• [MATERIAL FOR THIS TASK]
BEGIN

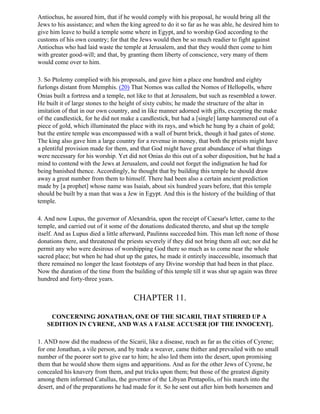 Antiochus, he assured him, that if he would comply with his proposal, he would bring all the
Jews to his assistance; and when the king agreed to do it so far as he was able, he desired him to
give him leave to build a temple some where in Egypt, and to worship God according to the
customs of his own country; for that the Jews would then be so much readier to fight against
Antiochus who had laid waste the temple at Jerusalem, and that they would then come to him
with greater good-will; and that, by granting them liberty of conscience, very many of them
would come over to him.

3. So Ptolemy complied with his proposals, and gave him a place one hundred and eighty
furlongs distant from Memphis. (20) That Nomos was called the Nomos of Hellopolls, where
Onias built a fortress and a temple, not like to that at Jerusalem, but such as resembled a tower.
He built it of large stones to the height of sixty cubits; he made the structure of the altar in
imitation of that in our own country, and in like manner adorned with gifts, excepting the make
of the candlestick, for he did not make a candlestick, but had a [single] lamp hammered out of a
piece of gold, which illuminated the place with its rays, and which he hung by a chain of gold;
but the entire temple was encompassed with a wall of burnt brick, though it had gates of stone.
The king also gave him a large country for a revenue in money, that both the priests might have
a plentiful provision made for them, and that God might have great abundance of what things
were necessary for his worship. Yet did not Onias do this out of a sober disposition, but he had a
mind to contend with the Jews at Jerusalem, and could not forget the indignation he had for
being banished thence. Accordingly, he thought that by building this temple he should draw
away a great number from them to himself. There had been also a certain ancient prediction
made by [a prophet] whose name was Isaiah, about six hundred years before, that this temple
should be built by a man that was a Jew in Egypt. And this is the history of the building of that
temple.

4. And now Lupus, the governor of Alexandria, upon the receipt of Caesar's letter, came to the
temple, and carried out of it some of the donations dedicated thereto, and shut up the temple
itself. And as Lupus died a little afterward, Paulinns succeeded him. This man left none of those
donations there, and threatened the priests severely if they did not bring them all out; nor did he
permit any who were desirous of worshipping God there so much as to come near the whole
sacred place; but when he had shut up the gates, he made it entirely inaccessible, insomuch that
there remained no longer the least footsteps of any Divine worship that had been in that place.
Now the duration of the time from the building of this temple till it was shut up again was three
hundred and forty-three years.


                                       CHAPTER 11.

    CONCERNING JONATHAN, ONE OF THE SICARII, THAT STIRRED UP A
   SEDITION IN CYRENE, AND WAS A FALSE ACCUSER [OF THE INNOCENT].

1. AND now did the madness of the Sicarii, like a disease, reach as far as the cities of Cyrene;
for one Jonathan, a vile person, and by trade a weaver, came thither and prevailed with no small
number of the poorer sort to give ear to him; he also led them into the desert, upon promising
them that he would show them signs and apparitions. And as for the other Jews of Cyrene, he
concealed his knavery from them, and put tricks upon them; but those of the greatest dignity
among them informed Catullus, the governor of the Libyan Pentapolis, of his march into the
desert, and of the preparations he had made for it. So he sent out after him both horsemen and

END
BEGIN

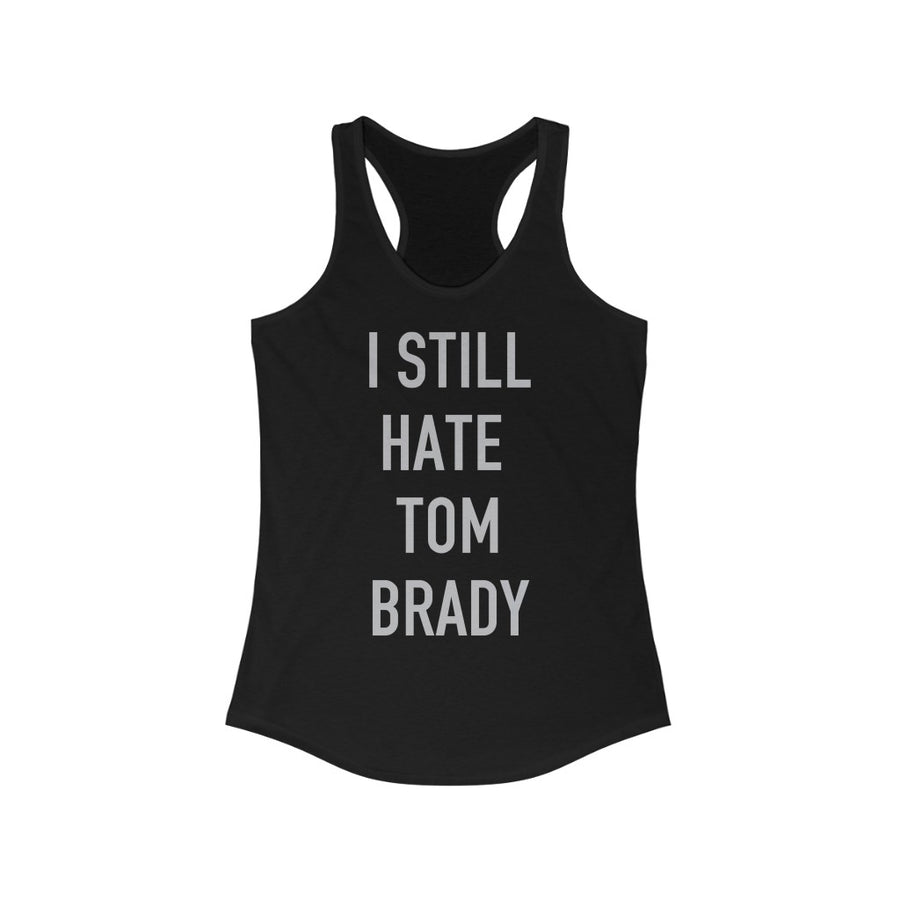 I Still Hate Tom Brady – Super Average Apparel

END

Scan the records above for the word "number". Show each line in which it appears.

away a great number from them to himself. There had been also a certain ancient prediction
number of the poorer sort to give ear to him; he also led them into the desert, upon promising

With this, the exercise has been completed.